O populismo do Senado é uma afronta aos Estados que promoveram um ajuste fiscal exemplar, como foi o caso do Espírito Santo, Mato Grosso, Pará e Mato Grosso do Sul, entre outros. O “problema” da dívida dos Estados se resume a São Paulo, Rio de Janeiro, Rio Grande do Sul e Minas Gerais. São Paulo tem a maior dívida, mas possui receita suficiente para pagar o serviço da dívida e honrar suas obrigações financeiras. O Rio de Janeiro é um Estado governado há décadas por populistas que não se envergonham de dar calote nos credores e recorrer à União para pagar suas dívidas. Esse foi o caso recente da privatização da Companhia Estadual de Águas e Esgotos do Rio de Janeiro (Cedae). O governo carioca não pagou os bancos e obrigou a União a pagar os empréstimos do Estado com bancos. Trata-se de um ato de safadeza política, endossado pelo Supremo Tribunal Federal.
O desastre financeiro do Rio Grande do Sul e Minas Gerais é fruto da trágica herança de governos populistas. Os governadores Romeu Zema e Eduardo Leite estão trabalhando duro para resolver o rombo financeiro deixado pelos seus antecessores. Leite conseguiu um aval da União, suspendendo por três anos o pagamento da dívida do Estado para atender às demandas urgentes da reconstrução do Rio Grande do Sul, castigado pela pior enchente da sua história. Já o governador Zema vem esbarrando no populismo da Assembleia Legislativa mineira, que insiste em postergar a privatização das estatais como a Companhia Energética de Minas Gerais (Cemig), Companhia de Saneamento de Minas Gerais (Copasa) e Companhia de Desenvolvimento Econômico de Minas Gerais (Codemig).
Nenhum país do mundo avançou com a agenda de reformas quando o populismo e a safadeza ditam a política de Estado. O legado do populismo no Brasil é trágico. Somos o país com uma das maiores cargas tributárias do mundo. Possuímos a menor taxa de crescimento econômico entre os principais países emergentes e estamos entre os 20 piores países do mundo na atração de investimento. Populistas são fiscalmente irresponsáveis e não se cansam de sabotar a economia de mercado, debilitar a democracia e cercear as liberdades individuais, jogando o País numa espiral de insegurança jurídica, imprevisibilidade e descrédito. Esperar algo positivo de populistas é plantar vento para colher tempestade, como ilustra a vã esperança dos incautos que votaram em Lula da Silva.

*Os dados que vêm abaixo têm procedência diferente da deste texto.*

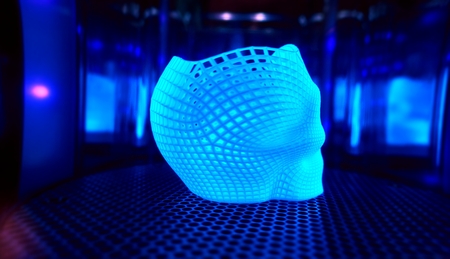 Ultraviolet polymerization of 3D printed glowing skull in mirror sealed chamber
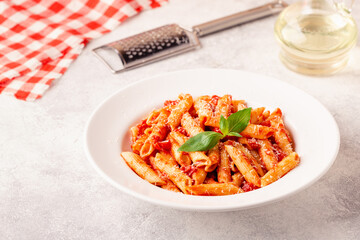 Classic italian pasta penne alla arrabiata with fresh basil on a light background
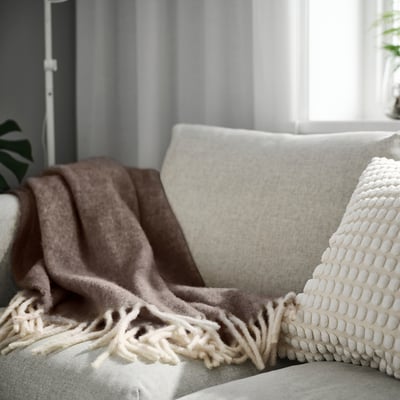 ALLFRAKEN graue Wolldecke mit Fransen auf beigem Sofa, schmückt großen Raum.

As únicas pessoas que podem mudar essa realidade somos nós, por meio das nossas escolhas. Há 30 anos, elegemos um estadista para a Presidência da República que concebeu o Plano Real, sepultou a hiperinflação e promoveu uma ousada agenda de reformas que incluiu privatização, quebra de monopólio estatal, Lei de Responsabilidade Fiscal e restauro da dignidade do exercício da Presidência da República. Infelizmente, o legado do presidente Fernando Henrique Cardoso foi sepultado por duas décadas de governos populistas.
Precisamos urgentemente eleger lideranças políticas que estejam dispostas a resgatar a credibilidade da democracia, a confiança nas instituições e a crença nas virtudes do livre mercado. Temos de nos mobilizar para livrar o Brasil do populismo, do nacional-estatismo e do Estado ineficiente. Se fracassarmos nessa missão, os nossos filhos viverão sob ditaduras. Está na hora de transformarmos a nossa indignação em ação política.
Luiz Felipe D'avila, o autor, é cientista político, autor do livro "10 Mandamentos - do País que somos para o Brasil que Queremos". Foi candidato à Presidência da República.